Continuous Integration / Continuous Delivery with ArcGIS Data Interoperability

2252
0
04-16-2021 01:27 PM
BruceHarold
Esri Regular Contributor
4 0 2,252

Continuous Integration / Continuous Delivery (CI/CD) is a software development methodology.  I'm borrowing the term and applying it to data, not software, specifically data that endlessly changes over time and that you need to integrate into your systems of record, well, continuously!

Always one to jump in the deep end, my example is taking a feed of public transport vehicle positions (accessed via a REST API) that refreshes every 30 seconds and pushing the data through to a hosted feature service in an ArcGIS Enterprise portal and also into a spatially enabled table in Snowflake.  I will use a web tool for the processing as high availability is obviously advisable.

Here are bus, train and ferry positions a few moments ago (early Saturday local time) in Auckland, NZ.

Bus, train & ferry positions in AucklandBus, train & ferry positions in Auckland

I'm probably working at the extreme end of continuous bulk data integration frequency, I expect the vast majority of integrations are performed at intervals of hours or days, but at least you'll know what can be achieved.

Bear with me while I have some fun with my integration scenario 😉.

Lets say I work at Fako (a fictional name), who have solved the first-mile/last-mile problem of e-commerce.  Fako has identified that commuter networks are very efficient for bringing people and retail goods together, buying or selling, when the riders are the buyers and sellers.  In partnership with transport operators we remove a few rows of seats in each vehicle, both sides of the aisle, and replace them with grids of smart storage lockers to which internet shopping can be 'delivered' by our stevedores at our warehouses co-located with transport terminals.  Buyers order from any web site for delivery on a day and route, sellers sell on our website and we transfer items to routes anywhere on the network.  We're freight forwarders.  Fako's mobile app lets customers use their phone to unlock the locker their item is in any time during their trip.  Some lockers are refrigerated, we have our own meal kit line.  A very popular feature of our mobile app lets riders bid in auctions for abandoned items.  Fako pays transport operators the equivalent of a rider fare per item, greatly boosting their effective ridership.  Fako doesn't have to buy a fleet of delivery vehicles and the transport operators are getting increased revenue.  Business is booming!
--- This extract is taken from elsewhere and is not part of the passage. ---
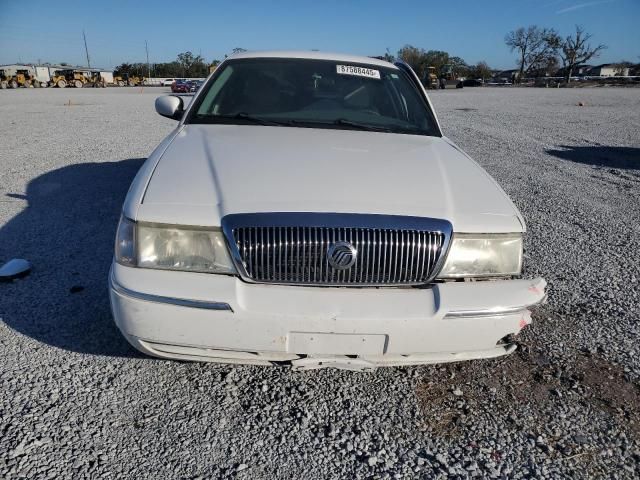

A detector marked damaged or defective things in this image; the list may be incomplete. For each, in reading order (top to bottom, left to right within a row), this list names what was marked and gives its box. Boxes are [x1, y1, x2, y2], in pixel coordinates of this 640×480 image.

damaged front bumper [109, 262, 544, 372] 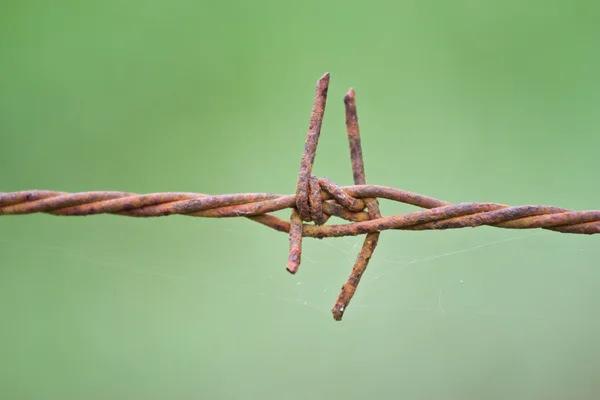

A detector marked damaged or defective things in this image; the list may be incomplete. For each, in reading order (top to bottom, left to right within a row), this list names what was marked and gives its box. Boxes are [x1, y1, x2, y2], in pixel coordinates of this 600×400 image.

Fako's back end systems run on Snowflake.  To make everything work, Fako needs to maintain the network status continuously as spatially enabled Snowflake objects.  Let's see how!

First the boring way, for which I happen to have disqualified myself by choosing a frequency Windows scheduled tasks don't support, would be to copy a Spatial ETL workspace source fmw onto my Data Interoperability server and configure a scheduled task based on the command line documented in a log file from a manual run as the arcgis user:

Command-line to run this workspace:

"C:\Program Files\ESRI\Data Interoperability\Data Interoperability AO11\fme.exe" C:\Users\arcgis\Desktop\ContinuousIntegration\VehiclePositions2Snowflake.fmw

You should carefully consider this option for your situation, it is robust and simple.

Now for the non-boring way.  Like I said, I pushed myself in this direction by working with data that updates in bulk at high frequency.  I make a web tool that performs the integration then calls itself after waiting for the source data to update.

Whoa a web tool that calls itself, no webhook and no scheduling?  Its crazy simple (possibly also just crazy).

I made two Spatial ETL tools, one real and one a dummy that does nothing, but has the same name and parameters (none in this case).

 

BruceHarold_0-1618602115133.png

I shared a history item of the dummy version of VehiclePositions2Snowflake as a web tool and recorded the submitJob URL.  It is important the web tool be asynchronous so when it gets called it doesn't block the workspace waiting for a response:

https://dev99999.esri.com/server/rest/services/VehiclePositions2Snowflake/GPServer/VehiclePositions2...

Then edit the real ETL tool, in the final HTTP step, to call the submitJob URL.  Run the tool and from its history item overwrite the dummy web tool.

I'll let you surf the tool yourself but basically the upper stream fetches the vehicle data and synchronizes it to the portal and Snowflake and the lower stream waits for this and for 30 seconds to elapse then makes the HTTP call.

The Self Integrating ETL ToolThe Self Integrating ETL Tool

Then just run the web tool once manually and you're off to the races, it will repeat endlessly.  I'm sitting here refreshing my Pro map (no cache on the feature service layer) and seeing the transport fleet move around.

In Snowflake my data is also refreshing:

Snowflake consoleSnowflake console

Back to some boring details, don't forget when publishing Spatial ETL tools as web tools Data Interoperability must be installed and licensed on each tool hosting server and when using web connection or database credentials like I am here, go to the Tools>FME Options dialog and export the required credentials (right click for the menu) to XML files, put these on your server and import them into the Workbench environment as the arcgis service owner.  If manually running a workspace on the server you might have to change the Python environment too.  Lastly, while the blog download has an FMW file the tool you publish to your server should have an embedded source.

Now that was fun!